I came across this multivariable integral which states that for any $s\in\mathbb{C}$ and $n>0$, we have the equity below \begin{align} \sum_{k=0}^n (-1)^k \binom{n}{k}(u+k)^{1-s} = (s-1)_n\int_0^1 \cdots \int_0^1 (u+x_1+\cdots+x_n)^{1-s-n} \,dx_1\cdots dx_n \end{align} where $(a)_n=a(a+1)\cdots(a+n-1)$ is the Pochhammer symbol. I have notice that \begin{align} \int_0^1 \cdots \int_0^1 \bigg(u+\sum_{j=1}^n x_j\bigg)^{1-s-n} \,dx_1\cdots dx_n &= \int_0^1 \cdots \int_0^1 \left.\frac{(u+\sum_{j=1}^n x_j)^{2-s-n}}{2-s-n}\right|_{x_1=0}^1 \,dx_2\cdots dx_n\\ &= \frac{1}{s+n-2} \int_0^1 \cdots \int_0^1 \bigg(u+\sum_{j=2}^n x_j\bigg)^{2-s-n}-\bigg(u+1+\sum_{j=2}^n x_j\bigg)^{2-s-n} \,dx_2\cdots dx_n\\ &= \frac{1}{(s+n-3)(s+n-2)}\int_0^1 \cdots \int_0^1 \bigg(u+\sum_{j=3}^n x_j\bigg)^{3-s-n}-2\bigg(u+1+\sum_{j=3}^n x_j\bigg)^{3-s-n}+\bigg(u+2+\sum_{j=3}^n x_j\bigg)^{3-s-n}\,dx_3\cdots dx_n \\ &\vdots \\ &= \frac{1}{(s-1)_n}\bigg(u^{1-s}-n(u+1)^{1-s}+\cdots+(-1)^{n-1}n(u+n-1)^{1-s}+(-1)^n(u+n)^{1-s}\bigg) \end{align} by repeating this process $n$ times. Other than that, I have also try to use multinomial theorem but could not get to anywhere \begin{align} \bigg(u+\sum_{j=1}^n x_j\bigg)^{1-s-n} &= \sum_{m=0}^{1-s-n} \binom{1-s-n}{m}u^{1-s-n-m}\bigg(\sum_{j=1}^n x_j\bigg)^m\\ &= \sum_{m=0}^{1-s-n} \binom{1-s-n}{m}u^{1-s-n-m} \sum_{k_1+\cdots+k_n=m} \frac{m!}{k_1!\cdots k_n!} \prod_{t=1}^n x_t^{k_t} \end{align} I would be appreciated if someone could help me with this with a non-heuristic approach.
1 Answer
We can use operator methods to show the identity is valid. We consider a function $f=f(u)$ and recall the shift operator $E$ and the identity operator $I$ which are defined as \begin{align*} If(u)&=f(u)\\ Ef(u)&=f(u+1) \end{align*} Applying for instance $k$ times the shift operator $E$ to $f(u)$ we obtain \begin{align*} E^kf(u)=E^{k-1}\left(Ef(u)\right)=E^{k-1}f(u+1)=\cdots=f(u+k) \end{align*}
With this notation we can write the binomial sum as \begin{align*} \color{blue}{\sum_{k=0}^n}&\color{blue}{(-1)^k\binom{n}{k}(u+k)^{-s+1}}\\ &=\sum_{k=0}^n(-1)^k\binom{n}{k}E^k\left(u^{-s+1}\right)\\ &\,\,\color{blue}{=\left(I-E\right)^n\left(u^{-s+1}\right)}\tag{1} \end{align*}
Integrating iteratively $n$ times the right hand side we will see, we'll also get (1).

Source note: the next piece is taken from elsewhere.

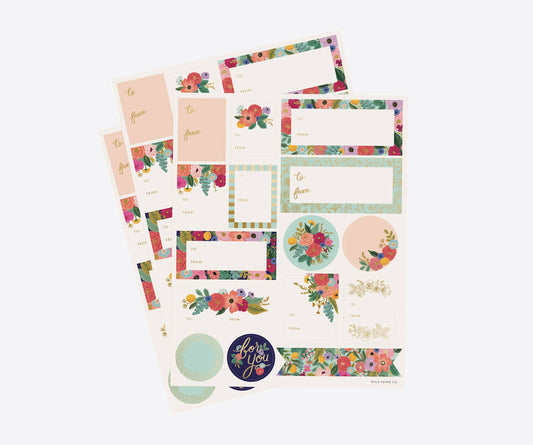 Rifle Paper Co. Stickers & Label Set; Garden Party (3 Sheets)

We obtain \begin{align*} &\color{blue}{\left(s-1\right)^{\overline{n}}} \color{blue}{\int_{0}^1\ldots\int_{0}^1\left(u+x_1+\cdots+x_n\right)^{-s-(n-1)}\,dx_1\ldots dx_n}\tag{2.1}\\ &\quad =(-1)\left(s-1\right)^{\overline{n-1}} \int_{0}^1\ldots\int_{0}^1\left.\left(u+x_1+\cdots+x_n\right)^{-s-(n-2)}\right|_{x_1=0}^1\,dx_2\ldots dx_n\tag{2.2}\\ &\quad =(-1)\left(s-1\right)^{\overline{n-1}} \int_{0}^1\ldots\int_{0}^1(E-I)\left(u+x_2+\cdots+x_n\right)^{-s-(n-2)}\,dx_2\ldots dx_n\\ &\quad =(-1)^2\left(s-1\right)^{\overline{n-2}} \int_{0}^1\ldots\int_{0}^1(E-I)^2\left(u+x_3+\cdots+x_n\right)^{-s-(n-3)}\,dx_3\ldots dx_n\\ &\quad=\ldots\\ &\quad =(-1)^{n-1}\left(s-1\right)^{\overline{1}} \int_{0}^1(E-I)^{n-1}\left(u+x_n\right)^{-s}\,dx_n\\ &\quad=(-1)^n(E-I)^{n-1}\left.\left(u+x_n\right)^{-s+1}\right|_{x_n=0}^1\\ &\quad=(-1)^n(E-I)^n\left(u\right)^{-s+1}\\ &\quad\,\,\color{blue}{=(I-E)^n\left(u^{-s+1}\right)} \end{align*} which coincides with (1) showing the claim is valid. We can show the second part using induction to make it more rigorous.
Comment:
In (2.1) we use Don Knuth's rising factorial notation. \begin{align*} s^{\overline{n}}=s(s+1)\cdots(s+n-1) \end{align*}
In (2.2) we have \begin{align*} (s-1)^{\overline{n}}\,\frac{1}{-s-n+2}&=(s-1)s\cdots(s+n-2)\,\frac{(-1)}{s+n-2}\\ &=(-1)\left(s-1\right)^{\overline{n-1}} \end{align*}